Türkiye olarak biz bu dedikoduları yalanladık. Bakanlık Sözcülüğümüz, Hamas Siyasi Bürosu’nun Türkiye'ye taşınmadığını açıkladı. Dediğiniz söylentileri Katarlılar da yalanladı. Dolayısıyla, şu anda dediğiniz türden bir şey söz konusu değil. Yani Hamas'ın Siyasi Bürosu Türkiye'ye gelmiş değil. Görünen o ki ABD’deki Demokratlar giderayak Hamas'ın üzerinde biraz daha baskı yapmak istiyorlar. Muhtemelen bu sayede kendilerince bir mesafe almayı umuyorlar. Ateşkes, barış anlaşması vesaire tarzı bir şey çıkar mı ya da rehineler ile ilgili bir gelişme olur mu, ona bakıyorlar. Ama onların şu anki ateşkes şartları, Hamas’ın kabul ettiği şartlar değil gibi gözüküyor.
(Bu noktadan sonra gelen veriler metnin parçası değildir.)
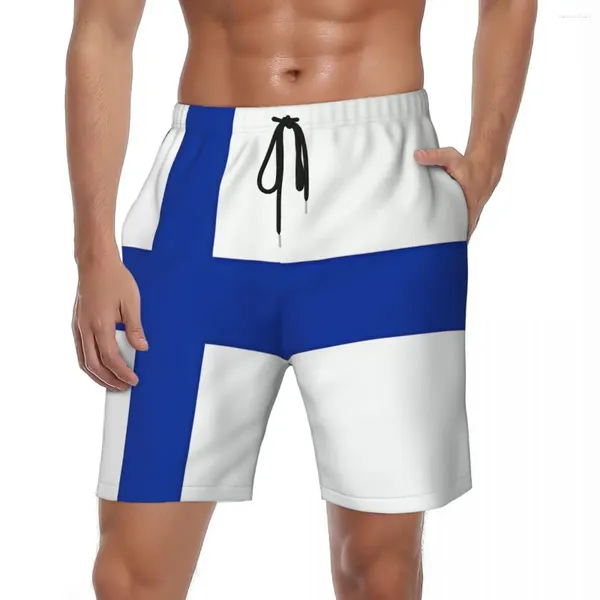 Herren -Shorts Finnland Flag Fitness Sommer Cool Printing Sport Fitness Board Short Hosen Männer schnell trocknen y2k retro Plus Size Beach Trunks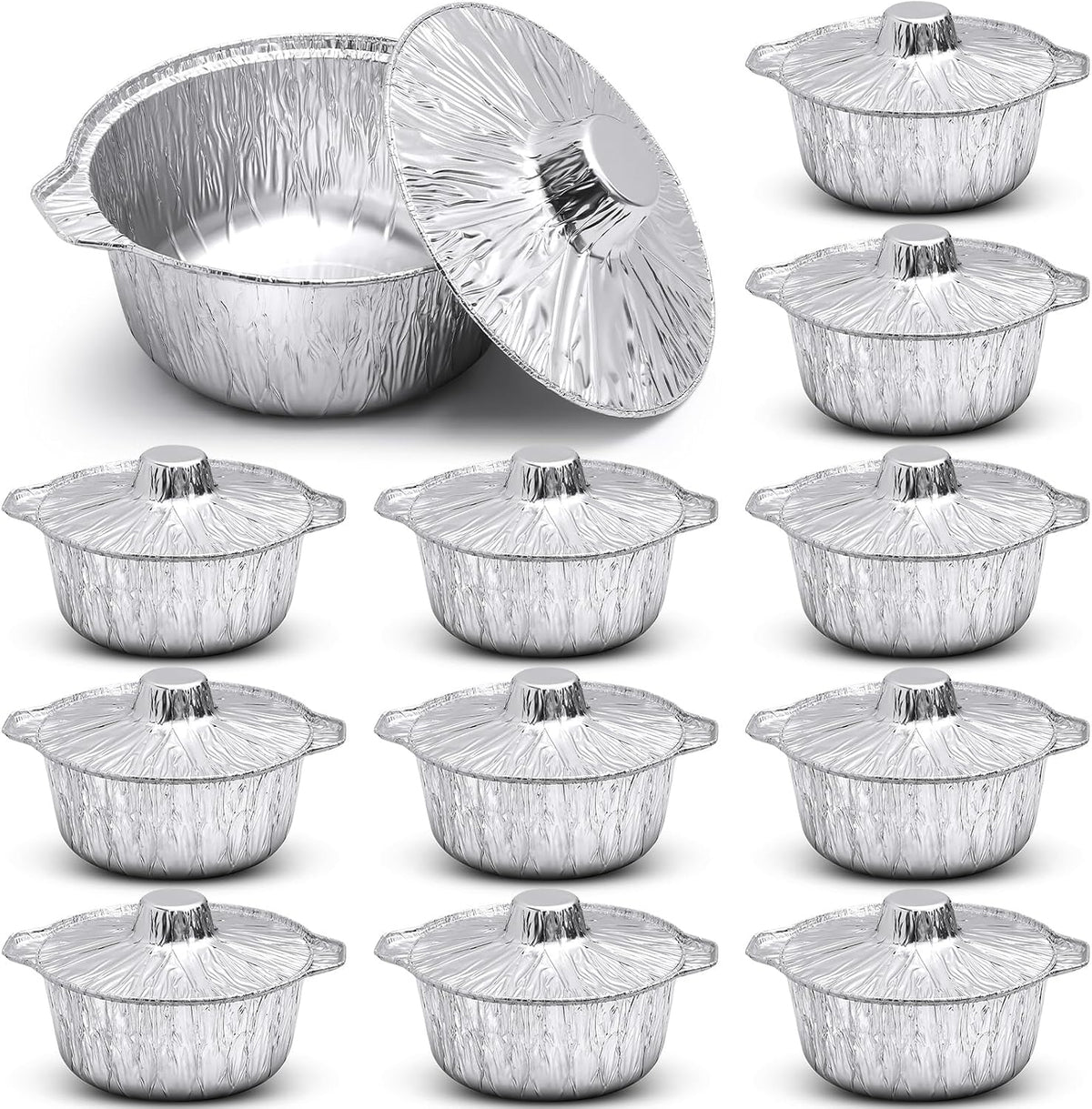 Ziliny 12 Pcs Disposable Aluminum Pot with Lid Round Foil Pans Disposable Cookware Food Container for Vacation Trips Camping Baking Heating Cooking (121.7 oz)
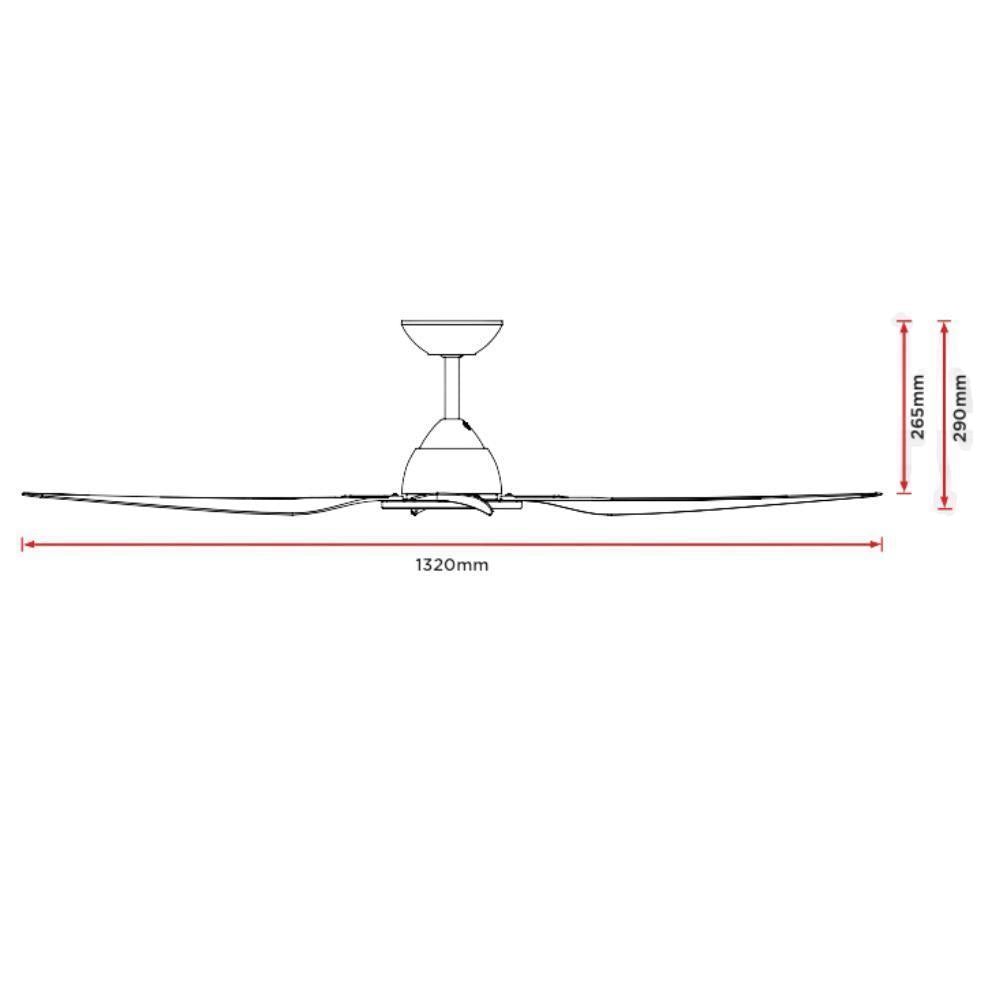 Deka RONDO-52-REMOTE - 52" 1320mm 4 Blade AC Ceiling Fan With Light And Remote-DEKA-Ozlighting.com.au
İsrail, ne Birleşmiş Milletler kararlarını umursuyor, ne de Uluslararası Adalet Divanı’nın kararlarını. Uluslararası Ceza Mahkemesi'nin verdiği yakalama kararlarını da tanımıyor, hepsini reddediyor. Bölge ülkelerinin tepkileri cılız kalıyor. İsrail'in durdurulması için sizce ne yapılmalı? İsrail nasıl durdurulacak?
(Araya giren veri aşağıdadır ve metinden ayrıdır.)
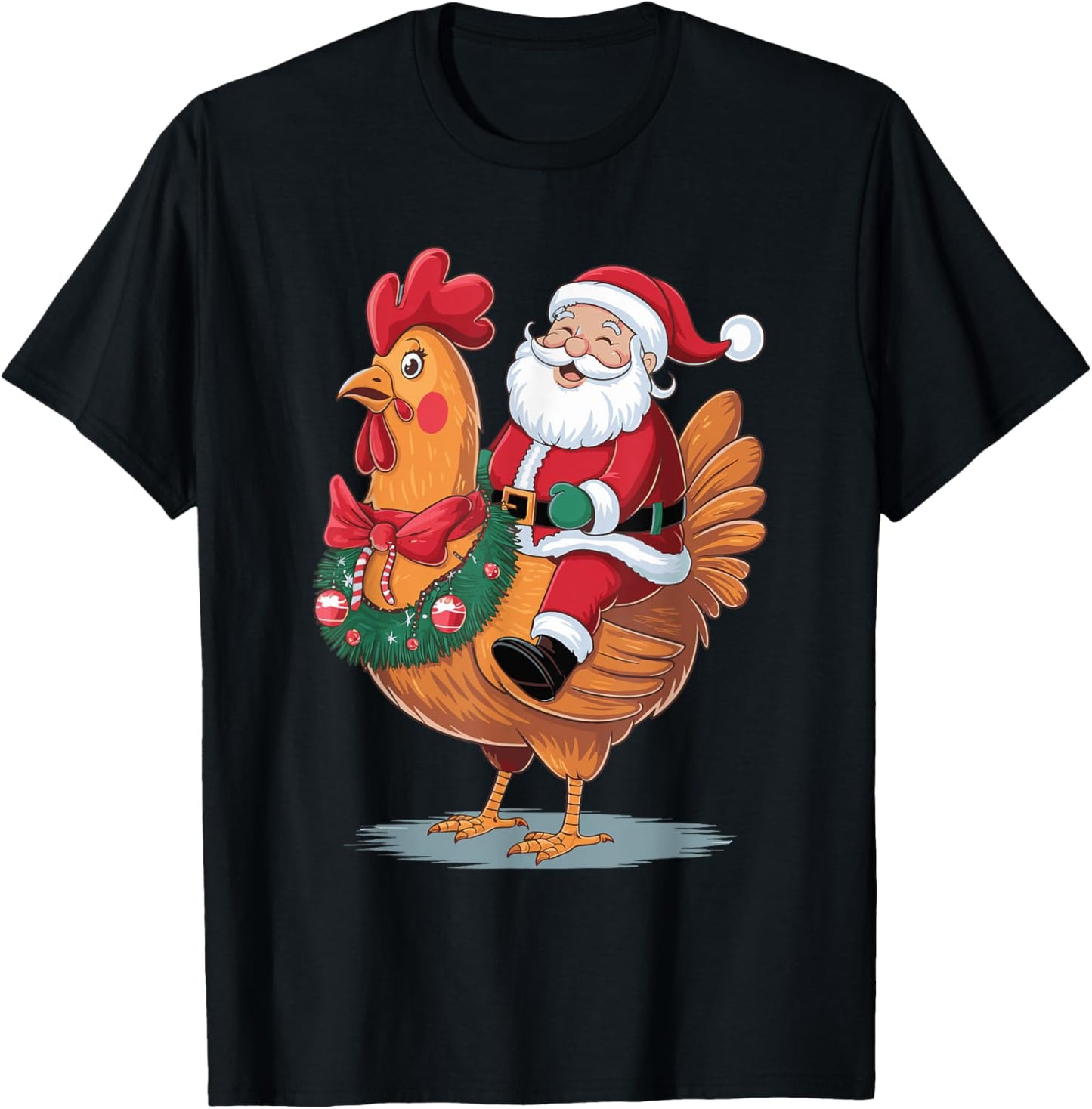 Santa Riding A Christmas Chicken T-Shirt - T-Shirt | Black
Uluslararası Ceza Mahkemesi'nin Netanyahu ve Gallant hakkında tutuklama kararı çıkarması, tarihi bir hadise. Bu son derece değerli bir karar. Belli başlı ülkelerin bu kararı uygulayacaklarını söylemesi önemli bir gelişme. Bu gelişme, güç kullanımı dışındaki imkan ve araçları kapsayan diplomasi ve adalet mekanizması ile sonuç alınabileceğini göstermiştir. Gönül isterdi ki bu sonuç daha erken çıksın. Tutuklama kararının çıkmasında, uluslararası seferberlik neticesinde insanlık vicdanının İsrail'in izlediği soykırıma karşı artık ortak bir tavır alması ve ortak bir söylem etrafında birleşmesi de büyük rol oynadı. Artık herkes aynı noktaya geldi: Derhal ateşkes olsun, insani yardımlar başlasın ve iki devletli çözüm olsun. Ama İsrail bunları istemediğini her tutumuyla ortaya koyuyor. Apaçık soykırım işleyen İsrailli yöneticiler hakkında tutuklama kararı çıkarılmış olması elbette önemli.
Gazze’ye insani yardımların girişine halen müsaade edilmediği için orada 2 milyon insan halen açlıkla boğuşmaya devam ediyor…
Netanyahu ve Gallant hakkında tutuklama kararı çıkarılmış olması önemli ama bu tabii ki dediğiniz sorunu çözmüyor. Oradaki 2 milyon insanı açlıktan kurtarmanın artık tek bir yolu var: Gazze’ye gıda götürmek için uluslararası bir inisiyatif başlatılmalı. Zira diplomasinin tüm imkanları kullanılmış olmasına rağmen, Gazze’de 2 milyon insan tüm insanlığın gözü önünde taammüden aç bırakılarak ölüme mahkum ediliyor. Birleşmiş Milletler bunu maalesef önleyemiyor. Bu durumda uluslararası toplum başka alternatifler düşünerek, bu drama bir çare bulmalı. Ama bir savaş yöntemi olarak sivil halkın açlığa mahkum edilmesi, insanlığın katlanamayacağı bir konudur. Bu gaddarlığa mani olmak için diplomasinin bütün imkânları kullanıldı. Birleşmiş Milletler’de bunu önlemeye yönelik girişimler hep ABD vetosuna takılıyor. Bu insanlık dramı karşısında isyan etmemek mümkün değil. Gazze’de 2 milyon insanın açlık ve susuzlukla ölüme terk edilmesine seyirci kalınmamalı.
"TÜRK HAVA SAHASINA İZİN VERMEDİK"
Sayın Bakanım, ben de müsaadenizle bir soru sormak istiyorum. Basında, Azerbaycan’a gitmek isteyen İsrail Cumhurbaşkanına hava sahamızı açmadığımıza ilişkin haberler yer aldı. Doğru mu bu?
Evet, doğru. Çoluk çocuk, kadın demeden 50 bin Filistinli kardeşimizin katledilmesine tepki olarak, hava sahamızı açmadık. Gazze’deki insanlık dramını önlemeye yönelik bir adım atılmaması, milletçe hepimizi çok derinden yaralıyor. Dolayısıyla Türkiye’nin hava sahasının kullanılmasına izin vermedik. Cumhurbaşkanımızın kararı bu yönde oldu. İzin verilmedi.